Immaculately dressed, every salt-and-pepper hair in place, sporting a Clark Gable moustache, Mauricio Garcés starred in a series of saucy comedies in the 60s and 70s, in the role of a mature and world-weary seducer, famous for lines of dialogue like "Debe ser horrible tenerme y después perderme" (It must be horrible to have me and then lose me) and "Dios sabe que tengo miles de razones por ser vanidoso" (God knows I have thousands of reasons to be vain). He died in 1989, but in the hearts of many lives on: Recently I saw this stencil of him on a wall in the Colonia Del Valle.
Mexico City
Mr. Clean, the Tortilla King and a couple of Cuba Libres
Photo by Ana Hop
Few readers will need me to recommend the Bar Zinco, a jazz joint in the centro histórico located in what used to be the basement vaults of a bank. With red velvet curtains, black walls and exposed brick, it is a little like a jazz club from an old movie, and far cooler than most such places in New York.

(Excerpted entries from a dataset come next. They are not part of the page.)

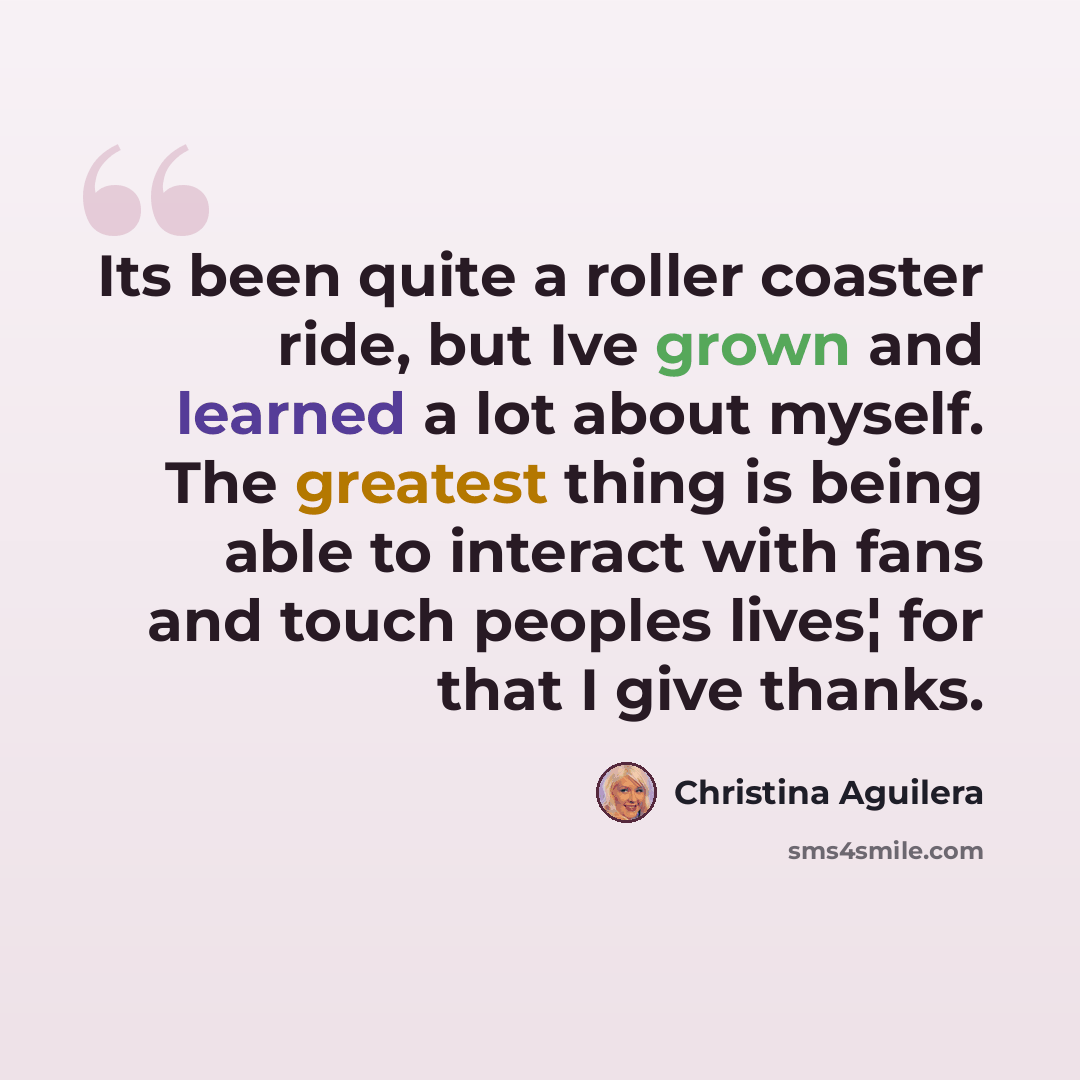 “Its been quite a roller coaster ride, but Ive grown and learned a lot about myself. The greatest thing is being able to interact with fans and touch peoples lives¦ for that I give thanks.” quote by Christina Aguilera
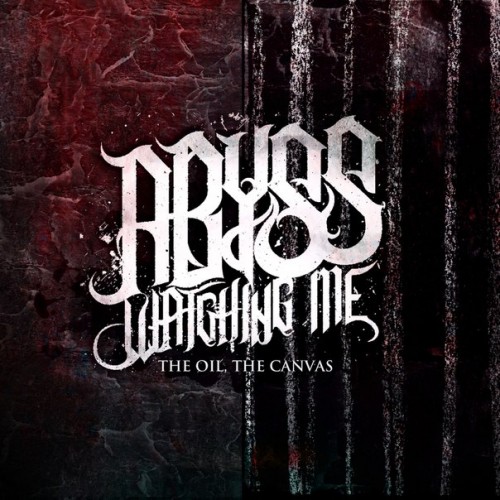 Abyss, Watching Me - The Oil, The Canvas [Single] (2014)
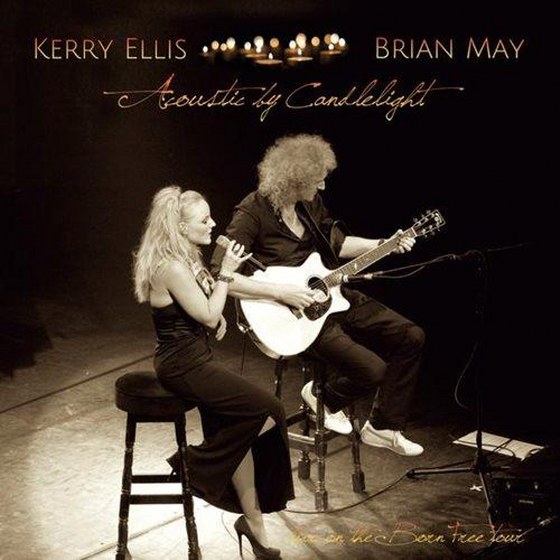 Kerry Ellis & Brian May. Acoustic By Candlelight: Live on The Born Free Tour (2013)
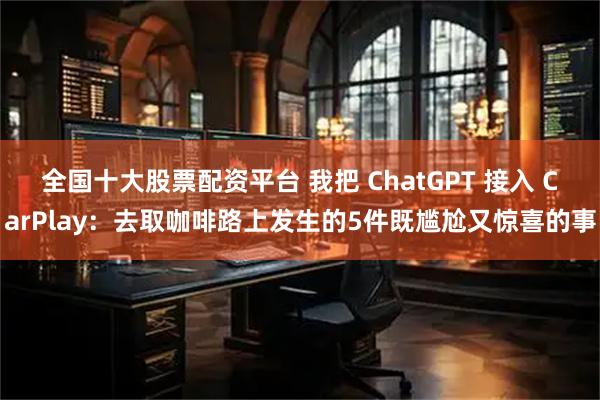 全国十大股票配资平台 我把 ChatGPT 接入 CarPlay：去取咖啡路上发生的5件既尴尬又惊喜的事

The Zinco Big Band, composed of seventeen of Mexico City's best musicians, only plays once in a blue moon. If you are lucky enough to notice that they are doing a gig, don't think twice, just go. You're bound to enjoy their recreations of arrangements by Count Basie, Nelson Riddle, Charles Mingus and Thad Jones.
Here they are on a recent night with a New York singer named J.D. Walter, who performed a couple of sets of Sinatra numbers, punctuated by his continuous remarks that he doesn't regularly sing Sinatra numbers. Walter wore an earring in each ear, a look that, combined with a shaven head, suggested the words, "stronger than dirt."
Photo by Ana Hop
The band is conducted by Eugenio Elias, the gentleman in the dinner jacket central in the above photo. The caballero with the moustache at the extreme right of the picture is Don Roberto González Barrera, who owns Maseca, the corn flour from which most of Mexico's tortillas are made, as well as Banorte, one of the country's most prominent banks. He regularly appears on the lists of staggeringly wealthy people published by Forbes magazine. According to one of the owners, he shows up at the Zinco frequently.
Apparently, one way that Don Roberto stays so rich is by bringing his own liquor to bars -- he and his blonde companion arrived at Zinco with a bottle of Aniversario, a Venezuelan rum that is exquisite as cognac and not so easy to find in Mexico. Sadly, they diluted that good liquor with Coca Cola.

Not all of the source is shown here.